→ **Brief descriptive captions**
──────

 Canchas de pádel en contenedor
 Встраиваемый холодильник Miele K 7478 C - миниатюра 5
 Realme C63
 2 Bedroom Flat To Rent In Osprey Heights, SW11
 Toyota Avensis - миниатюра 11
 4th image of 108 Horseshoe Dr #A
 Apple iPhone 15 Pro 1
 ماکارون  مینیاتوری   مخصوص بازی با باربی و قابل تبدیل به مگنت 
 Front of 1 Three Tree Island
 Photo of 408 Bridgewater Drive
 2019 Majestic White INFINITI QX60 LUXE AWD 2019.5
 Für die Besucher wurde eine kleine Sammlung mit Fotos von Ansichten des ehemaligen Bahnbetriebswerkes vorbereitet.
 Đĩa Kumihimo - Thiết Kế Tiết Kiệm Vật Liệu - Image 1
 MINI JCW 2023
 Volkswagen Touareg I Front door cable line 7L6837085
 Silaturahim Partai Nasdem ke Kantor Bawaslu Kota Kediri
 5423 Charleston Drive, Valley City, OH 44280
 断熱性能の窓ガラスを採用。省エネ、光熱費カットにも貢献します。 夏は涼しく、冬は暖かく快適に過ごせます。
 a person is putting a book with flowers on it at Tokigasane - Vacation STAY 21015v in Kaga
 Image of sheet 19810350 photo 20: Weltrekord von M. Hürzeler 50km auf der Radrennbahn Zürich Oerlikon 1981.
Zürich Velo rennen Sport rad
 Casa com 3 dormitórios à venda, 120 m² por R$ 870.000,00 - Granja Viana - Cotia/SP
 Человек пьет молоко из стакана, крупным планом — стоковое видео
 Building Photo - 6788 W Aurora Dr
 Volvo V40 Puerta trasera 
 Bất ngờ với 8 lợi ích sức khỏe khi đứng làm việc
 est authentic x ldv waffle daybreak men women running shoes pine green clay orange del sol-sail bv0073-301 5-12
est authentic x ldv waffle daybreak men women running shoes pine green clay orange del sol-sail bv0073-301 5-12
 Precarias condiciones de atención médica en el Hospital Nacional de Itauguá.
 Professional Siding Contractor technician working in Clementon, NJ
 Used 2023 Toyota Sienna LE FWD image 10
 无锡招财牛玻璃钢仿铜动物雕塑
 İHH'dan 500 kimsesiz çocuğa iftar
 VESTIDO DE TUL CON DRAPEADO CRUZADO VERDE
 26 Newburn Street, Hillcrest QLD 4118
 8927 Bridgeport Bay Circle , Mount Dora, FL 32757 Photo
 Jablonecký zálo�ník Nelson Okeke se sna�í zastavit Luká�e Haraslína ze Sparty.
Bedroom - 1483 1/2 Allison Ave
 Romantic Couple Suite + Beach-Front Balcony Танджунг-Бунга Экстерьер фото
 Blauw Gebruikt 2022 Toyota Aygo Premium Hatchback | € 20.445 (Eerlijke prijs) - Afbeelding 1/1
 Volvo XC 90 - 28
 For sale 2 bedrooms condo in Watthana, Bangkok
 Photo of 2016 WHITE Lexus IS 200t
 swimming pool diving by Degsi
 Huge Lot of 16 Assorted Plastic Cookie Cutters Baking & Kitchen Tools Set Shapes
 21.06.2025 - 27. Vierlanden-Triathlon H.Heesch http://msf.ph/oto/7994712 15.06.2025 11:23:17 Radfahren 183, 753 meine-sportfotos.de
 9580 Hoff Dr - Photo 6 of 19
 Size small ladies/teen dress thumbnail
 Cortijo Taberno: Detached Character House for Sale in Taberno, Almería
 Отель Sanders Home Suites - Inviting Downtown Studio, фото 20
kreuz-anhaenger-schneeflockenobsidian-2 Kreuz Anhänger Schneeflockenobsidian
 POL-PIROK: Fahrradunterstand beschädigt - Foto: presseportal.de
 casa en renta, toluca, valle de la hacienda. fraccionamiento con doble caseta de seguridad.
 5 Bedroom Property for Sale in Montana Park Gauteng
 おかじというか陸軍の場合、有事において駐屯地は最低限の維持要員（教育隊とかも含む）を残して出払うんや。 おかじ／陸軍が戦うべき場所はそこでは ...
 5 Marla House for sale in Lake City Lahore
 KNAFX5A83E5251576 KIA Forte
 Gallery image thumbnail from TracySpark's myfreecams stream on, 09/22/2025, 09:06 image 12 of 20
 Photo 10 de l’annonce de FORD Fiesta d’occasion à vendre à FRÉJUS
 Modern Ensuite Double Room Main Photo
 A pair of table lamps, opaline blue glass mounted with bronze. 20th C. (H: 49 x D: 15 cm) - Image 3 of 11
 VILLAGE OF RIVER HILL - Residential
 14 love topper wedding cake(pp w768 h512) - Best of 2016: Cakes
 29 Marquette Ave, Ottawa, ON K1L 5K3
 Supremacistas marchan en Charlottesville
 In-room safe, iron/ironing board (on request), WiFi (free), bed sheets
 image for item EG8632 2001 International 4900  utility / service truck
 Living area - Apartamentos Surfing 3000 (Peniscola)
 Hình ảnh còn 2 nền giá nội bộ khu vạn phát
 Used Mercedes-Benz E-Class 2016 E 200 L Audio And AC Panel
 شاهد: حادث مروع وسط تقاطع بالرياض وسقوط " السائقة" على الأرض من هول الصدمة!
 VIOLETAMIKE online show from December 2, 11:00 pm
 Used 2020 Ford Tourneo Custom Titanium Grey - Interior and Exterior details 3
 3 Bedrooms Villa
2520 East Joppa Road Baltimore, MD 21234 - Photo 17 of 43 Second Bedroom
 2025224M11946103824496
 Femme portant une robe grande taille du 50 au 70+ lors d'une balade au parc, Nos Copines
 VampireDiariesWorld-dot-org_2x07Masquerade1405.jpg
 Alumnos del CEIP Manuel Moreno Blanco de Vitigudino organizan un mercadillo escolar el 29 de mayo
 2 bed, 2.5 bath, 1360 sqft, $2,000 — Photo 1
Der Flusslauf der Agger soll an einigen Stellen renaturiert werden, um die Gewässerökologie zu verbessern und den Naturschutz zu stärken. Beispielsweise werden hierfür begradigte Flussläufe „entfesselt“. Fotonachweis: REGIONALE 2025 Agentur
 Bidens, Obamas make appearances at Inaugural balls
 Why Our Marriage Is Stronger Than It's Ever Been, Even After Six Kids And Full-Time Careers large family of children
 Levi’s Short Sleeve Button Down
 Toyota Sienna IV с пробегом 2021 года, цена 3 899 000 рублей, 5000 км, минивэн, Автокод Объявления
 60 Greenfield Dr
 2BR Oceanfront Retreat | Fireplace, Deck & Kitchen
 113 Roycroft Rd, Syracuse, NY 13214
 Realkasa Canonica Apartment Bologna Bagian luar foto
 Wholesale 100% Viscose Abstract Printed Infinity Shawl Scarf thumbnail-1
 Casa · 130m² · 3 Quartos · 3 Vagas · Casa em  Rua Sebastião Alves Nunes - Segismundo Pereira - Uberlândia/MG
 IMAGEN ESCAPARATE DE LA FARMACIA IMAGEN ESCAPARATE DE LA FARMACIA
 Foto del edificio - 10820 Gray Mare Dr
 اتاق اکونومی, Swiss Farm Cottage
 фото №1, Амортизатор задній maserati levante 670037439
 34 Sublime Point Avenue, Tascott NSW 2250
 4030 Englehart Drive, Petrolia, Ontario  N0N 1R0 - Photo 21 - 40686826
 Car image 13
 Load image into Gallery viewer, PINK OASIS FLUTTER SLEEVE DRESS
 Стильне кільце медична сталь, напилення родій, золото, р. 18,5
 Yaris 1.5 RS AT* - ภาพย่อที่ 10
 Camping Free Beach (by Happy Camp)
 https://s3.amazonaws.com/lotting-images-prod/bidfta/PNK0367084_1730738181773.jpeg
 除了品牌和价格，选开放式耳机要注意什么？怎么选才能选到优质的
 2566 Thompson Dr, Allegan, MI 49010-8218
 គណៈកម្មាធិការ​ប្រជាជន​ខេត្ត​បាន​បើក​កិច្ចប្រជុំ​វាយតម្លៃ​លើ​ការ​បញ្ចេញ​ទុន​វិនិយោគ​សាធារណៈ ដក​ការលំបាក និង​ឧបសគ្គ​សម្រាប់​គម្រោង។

──────

→ **Try it**
Copy every line of the data above in which the string "House" appears.

→ **Solved problem**
 Cortijo Taberno: Detached Character House for Sale in Taberno, Almería
 5 Marla House for sale in Lake City Lahore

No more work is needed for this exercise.